La livraison instantanée passant par des plateformes en ligne de type Deliveroo ou Uber Eats fait désormais partie du paysage parisien (elle s’est développée au tournant des années 2015-2016). Grâce à une application smartphone, des livreurs indépendants rémunérés à la course effectuent des livraisons, le plus souvent de repas, pour le compte de plateformes numériques. Le modèle économique développé par ces plateformes constitue une évolution, pouvant être désignée par le terme d’ « uberisation » et relevant de la gig economy (« économie des petites boulots »). Signalons également le développement, en parallèle de la livraison de repas, de services de livraison de courses en moins de 15 minutes, souvent à vélo, reposant sur un réseau de dark stores, des entrepôts fermés au public, à la manière des dark kitchens pour la livraison de repas. Ces deux activités se distinguent cependant par le statut et les conditions proposées aux travailleurs.

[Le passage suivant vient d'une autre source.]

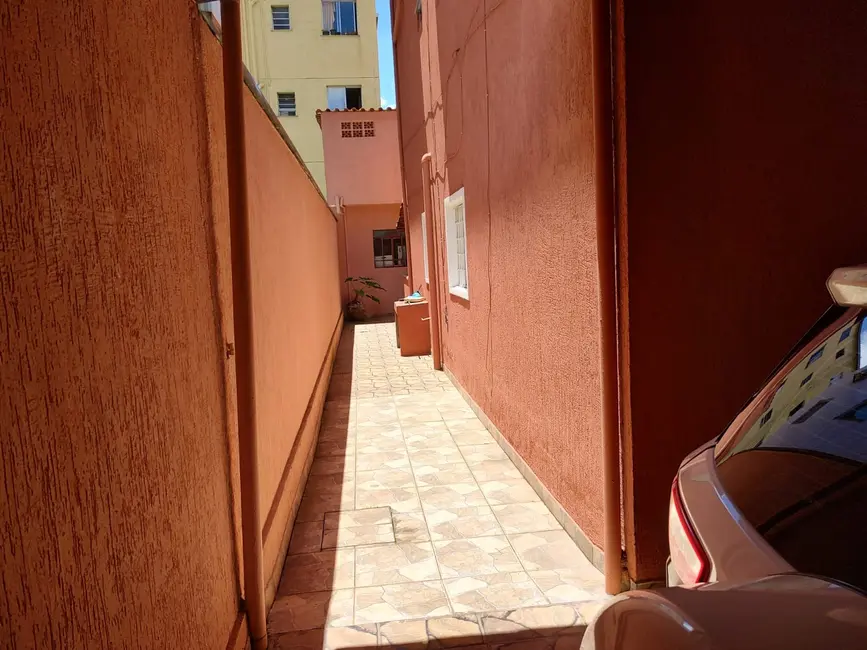 Foto 3 de Casa com 4 quartos à venda, 280m2 em Belo Horizonte - MG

Le statut et les conditions de travail des livreurs des plateformes de livraison instantanée ont soulevé de nombreuses questions et les médias en ont rapidement pointé la précarité. Il n’existe néanmoins que peu de données chiffrées permettant d’objectiver la réalité de cette activité.
C’est pourquoi la chaire Logistics City / Université Gustave Eiffel travaille sur le sujet depuis 2016, et est rejointe en 2020 par 6t-bureau de recherche. 6t et la chaire Logistics City / UGE travaillent conjointement à la production de données objectives et quantifiées sur le profil et l’activité des livreurs.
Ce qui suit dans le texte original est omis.